### EXERCISE REQUIREMENTS
Your answer should be the complete set of entries, transcribed exactly.

________________________

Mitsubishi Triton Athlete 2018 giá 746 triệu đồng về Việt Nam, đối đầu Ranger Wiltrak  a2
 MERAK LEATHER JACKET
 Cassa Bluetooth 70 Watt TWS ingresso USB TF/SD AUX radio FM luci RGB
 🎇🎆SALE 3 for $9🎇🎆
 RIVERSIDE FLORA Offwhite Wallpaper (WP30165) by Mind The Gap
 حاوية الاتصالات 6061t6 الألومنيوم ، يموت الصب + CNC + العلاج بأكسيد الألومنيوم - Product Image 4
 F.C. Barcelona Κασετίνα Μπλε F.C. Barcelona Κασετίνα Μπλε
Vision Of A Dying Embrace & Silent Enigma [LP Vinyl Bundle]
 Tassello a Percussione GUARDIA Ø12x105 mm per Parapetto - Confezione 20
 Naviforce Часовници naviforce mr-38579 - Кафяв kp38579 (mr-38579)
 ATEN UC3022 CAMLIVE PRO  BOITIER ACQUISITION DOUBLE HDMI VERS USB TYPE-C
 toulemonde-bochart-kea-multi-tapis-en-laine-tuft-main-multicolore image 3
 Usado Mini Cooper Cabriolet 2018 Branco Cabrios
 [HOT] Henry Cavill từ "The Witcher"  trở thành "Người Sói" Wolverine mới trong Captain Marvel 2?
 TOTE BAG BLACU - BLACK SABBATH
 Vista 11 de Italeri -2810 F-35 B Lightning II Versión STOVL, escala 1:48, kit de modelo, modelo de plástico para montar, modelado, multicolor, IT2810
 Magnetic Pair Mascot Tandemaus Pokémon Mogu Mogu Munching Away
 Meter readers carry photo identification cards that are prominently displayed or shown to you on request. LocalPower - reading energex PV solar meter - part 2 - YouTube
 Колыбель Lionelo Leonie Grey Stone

________________________

### WRITTEN ANSWER
Mitsubishi Triton Athlete 2018 giá 746 triệu đồng về Việt Nam, đối đầu Ranger Wiltrak  a2
 MERAK LEATHER JACKET
 Cassa Bluetooth 70 Watt TWS ingresso USB TF/SD AUX radio FM luci RGB
 🎇🎆SALE 3 for $9🎇🎆
 RIVERSIDE FLORA Offwhite Wallpaper (WP30165) by Mind The Gap
 حاوية الاتصالات 6061t6 الألومنيوم ، يموت الصب + CNC + العلاج بأكسيد الألومنيوم - Product Image 4
 F.C. Barcelona Κασετίνα Μπλε F.C. Barcelona Κασετίνα Μπλε
Vision Of A Dying Embrace & Silent Enigma [LP Vinyl Bundle]
 Tassello a Percussione GUARDIA Ø12x105 mm per Parapetto - Confezione 20
 Naviforce Часовници naviforce mr-38579 - Кафяв kp38579 (mr-38579)
 ATEN UC3022 CAMLIVE PRO  BOITIER ACQUISITION DOUBLE HDMI VERS USB TYPE-C
 toulemonde-bochart-kea-multi-tapis-en-laine-tuft-main-multicolore image 3
 Usado Mini Cooper Cabriolet 2018 Branco Cabrios
 [HOT] Henry Cavill từ "The Witcher"  trở thành "Người Sói" Wolverine mới trong Captain Marvel 2?
 TOTE BAG BLACU - BLACK SABBATH
 Vista 11 de Italeri -2810 F-35 B Lightning II Versión STOVL, escala 1:48, kit de modelo, modelo de plástico para montar, modelado, multicolor, IT2810
 Magnetic Pair Mascot Tandemaus Pokémon Mogu Mogu Munching Away
 Meter readers carry photo identification cards that are prominently displayed or shown to you on request. LocalPower - reading energex PV solar meter - part 2 - YouTube
 Колыбель Lionelo Leonie Grey Stone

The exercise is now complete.